Task to carry out:
The response should be the records below, repeated exactly, with each picture left out.

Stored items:
——
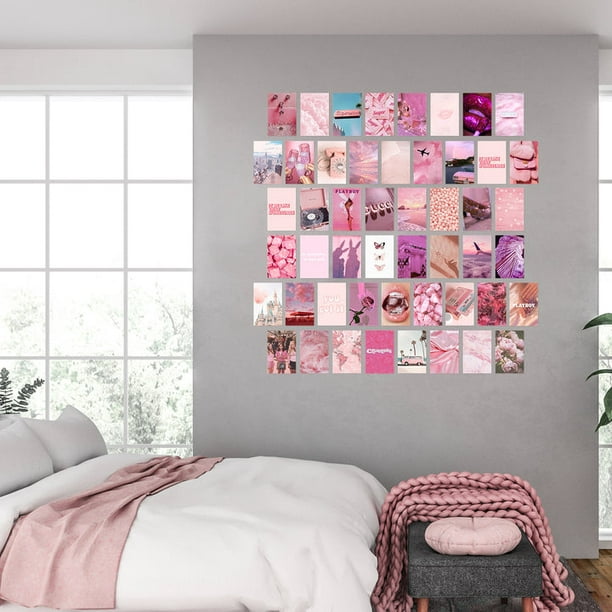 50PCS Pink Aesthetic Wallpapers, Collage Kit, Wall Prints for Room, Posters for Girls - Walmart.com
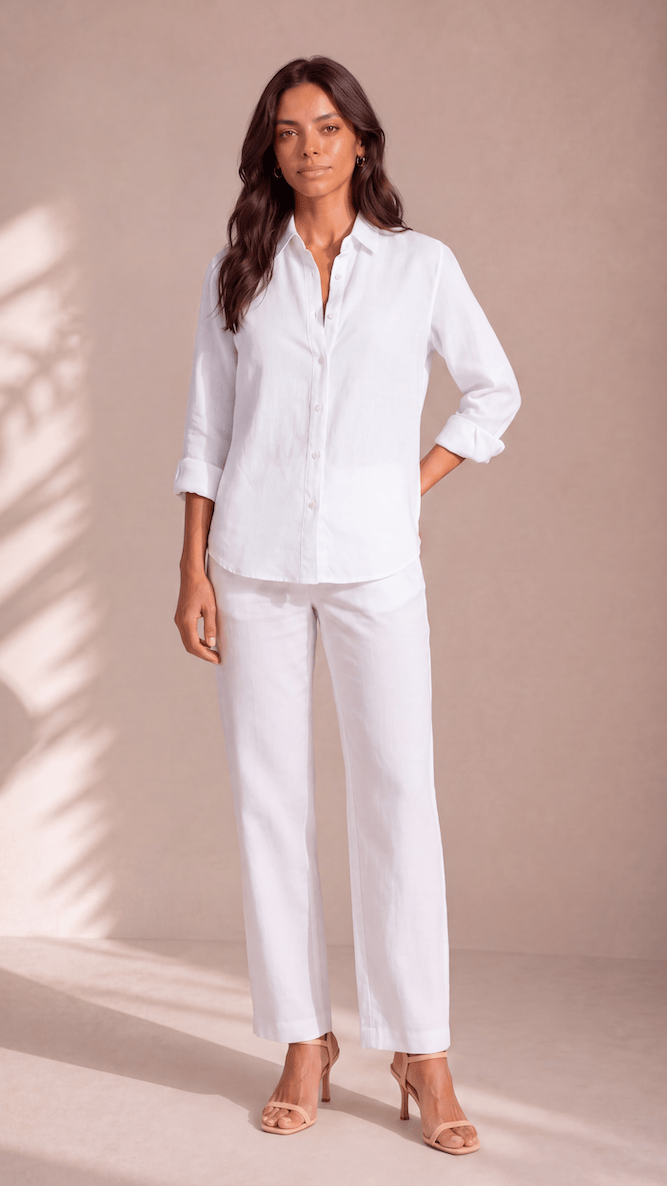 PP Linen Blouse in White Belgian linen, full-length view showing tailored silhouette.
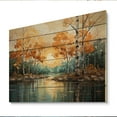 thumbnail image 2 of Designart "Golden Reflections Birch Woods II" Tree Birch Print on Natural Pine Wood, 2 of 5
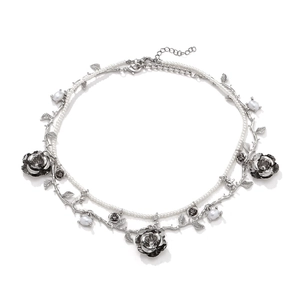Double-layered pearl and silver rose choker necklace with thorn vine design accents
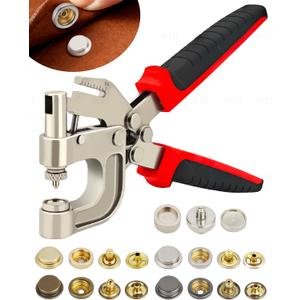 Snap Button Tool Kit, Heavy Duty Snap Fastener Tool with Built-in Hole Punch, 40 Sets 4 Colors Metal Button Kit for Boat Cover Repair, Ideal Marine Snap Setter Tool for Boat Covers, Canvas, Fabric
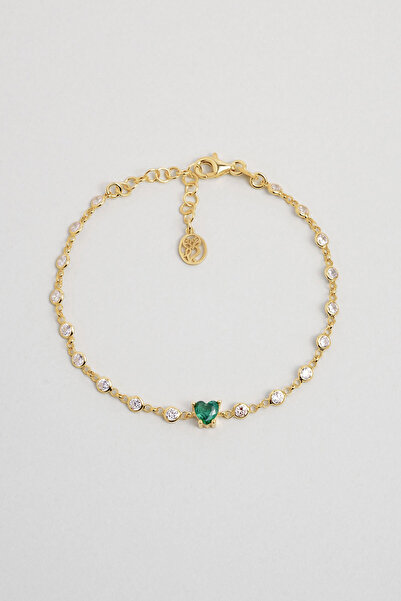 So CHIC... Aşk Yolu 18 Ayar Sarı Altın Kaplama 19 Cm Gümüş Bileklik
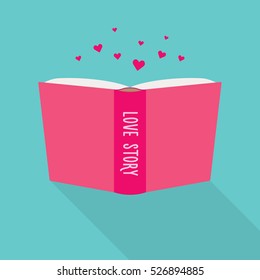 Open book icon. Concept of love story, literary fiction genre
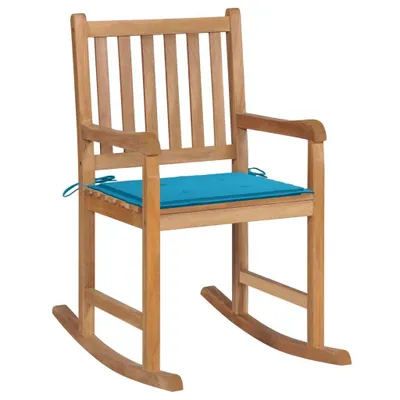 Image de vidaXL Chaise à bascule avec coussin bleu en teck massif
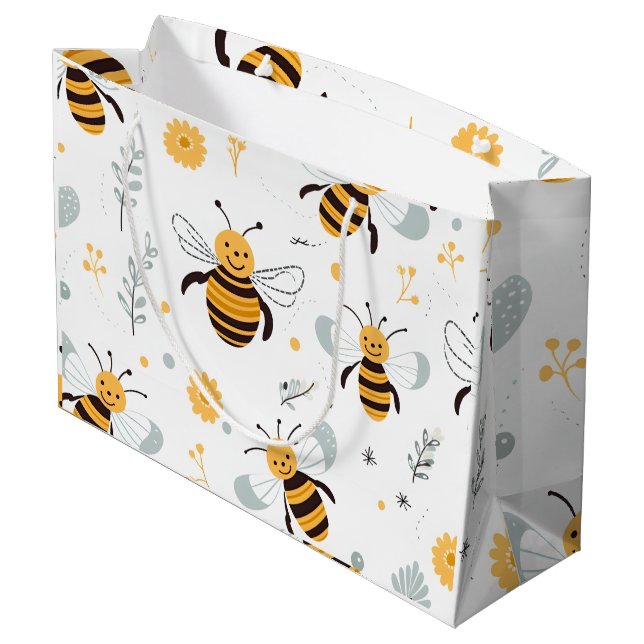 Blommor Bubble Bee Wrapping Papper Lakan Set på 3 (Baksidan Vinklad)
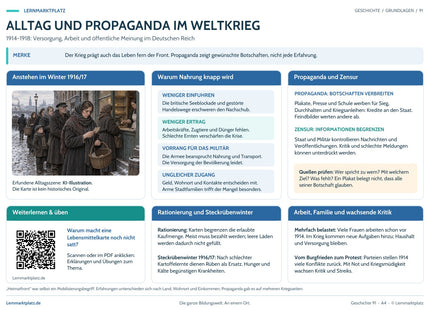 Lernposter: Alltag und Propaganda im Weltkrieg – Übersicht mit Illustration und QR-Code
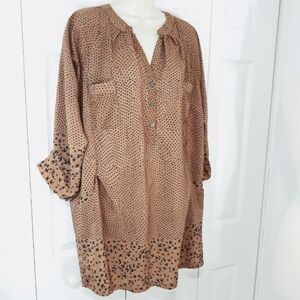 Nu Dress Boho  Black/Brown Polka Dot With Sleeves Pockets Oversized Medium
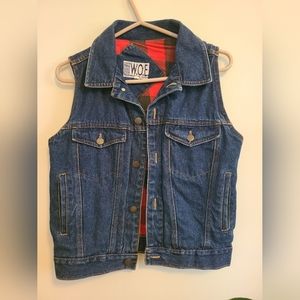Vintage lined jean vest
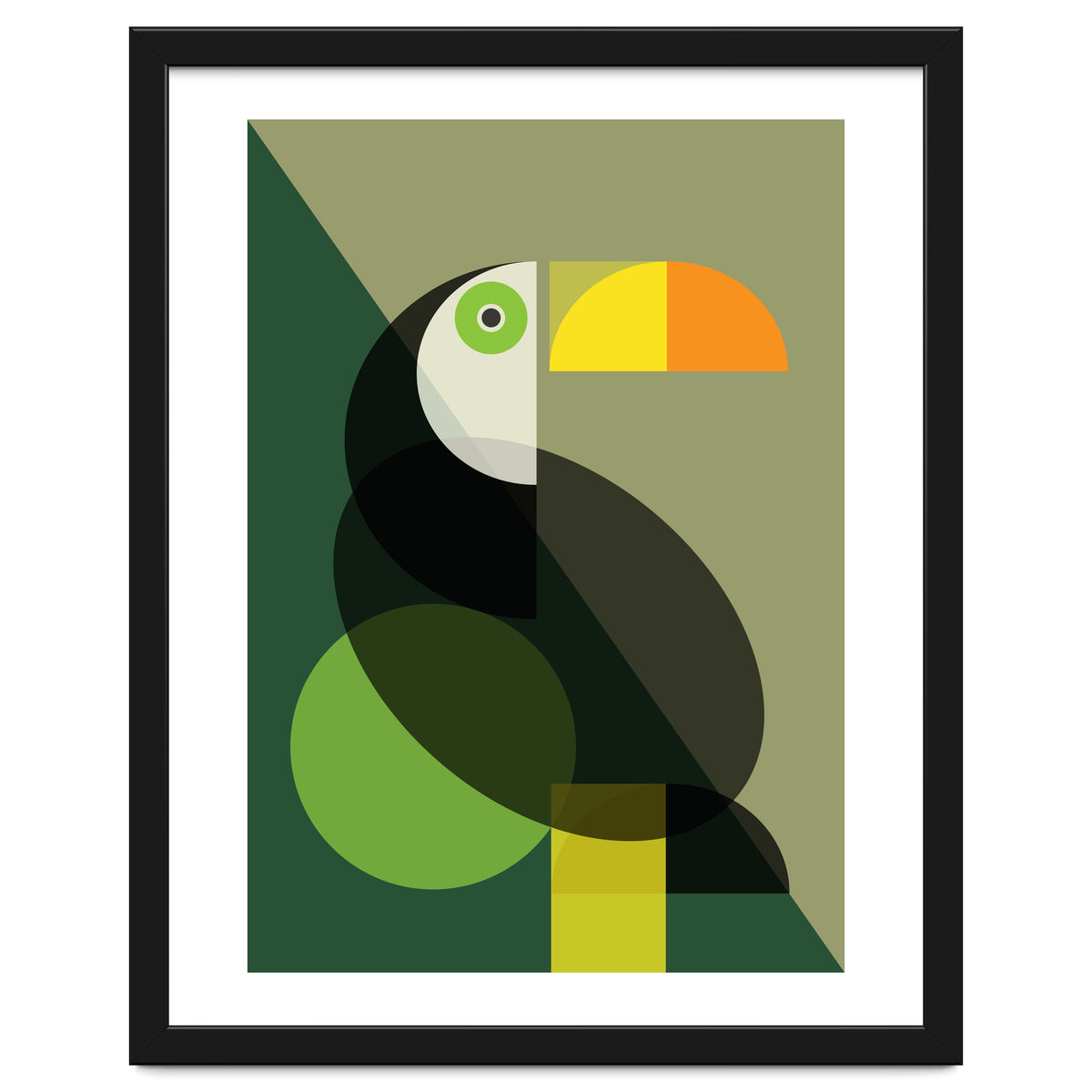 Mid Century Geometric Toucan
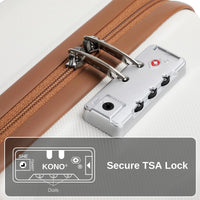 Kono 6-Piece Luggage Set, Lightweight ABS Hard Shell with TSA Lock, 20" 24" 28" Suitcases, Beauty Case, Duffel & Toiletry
——
Result of the exercise:
 50PCS Pink Aesthetic Wallpapers, Collage Kit, Wall Prints for Room, Posters for Girls - Walmart.com
 PP Linen Blouse in White Belgian linen, full-length view showing tailored silhouette.
 thumbnail image 2 of Designart "Golden Reflections Birch Woods II" Tree Birch Print on Natural Pine Wood, 2 of 5
Double-layered pearl and silver rose choker necklace with thorn vine design accents
 Snap Button Tool Kit, Heavy Duty Snap Fastener Tool with Built-in Hole Punch, 40 Sets 4 Colors Metal Button Kit for Boat Cover Repair, Ideal Marine Snap Setter Tool for Boat Covers, Canvas, Fabric
 So CHIC... Aşk Yolu 18 Ayar Sarı Altın Kaplama 19 Cm Gümüş Bileklik
 Open book icon. Concept of love story, literary fiction genre
 Image de vidaXL Chaise à bascule avec coussin bleu en teck massif
 Blommor Bubble Bee Wrapping Papper Lakan Set på 3 (Baksidan Vinklad)
 Lernposter: Alltag und Propaganda im Weltkrieg – Übersicht mit Illustration und QR-Code
 Nu Dress Boho  Black/Brown Polka Dot With Sleeves Pockets Oversized Medium
Vintage lined jean vest
 Mid Century Geometric Toucan
 Kono 6-Piece Luggage Set, Lightweight ABS Hard Shell with TSA Lock, 20" 24" 28" Suitcases, Beauty Case, Duffel & Toiletry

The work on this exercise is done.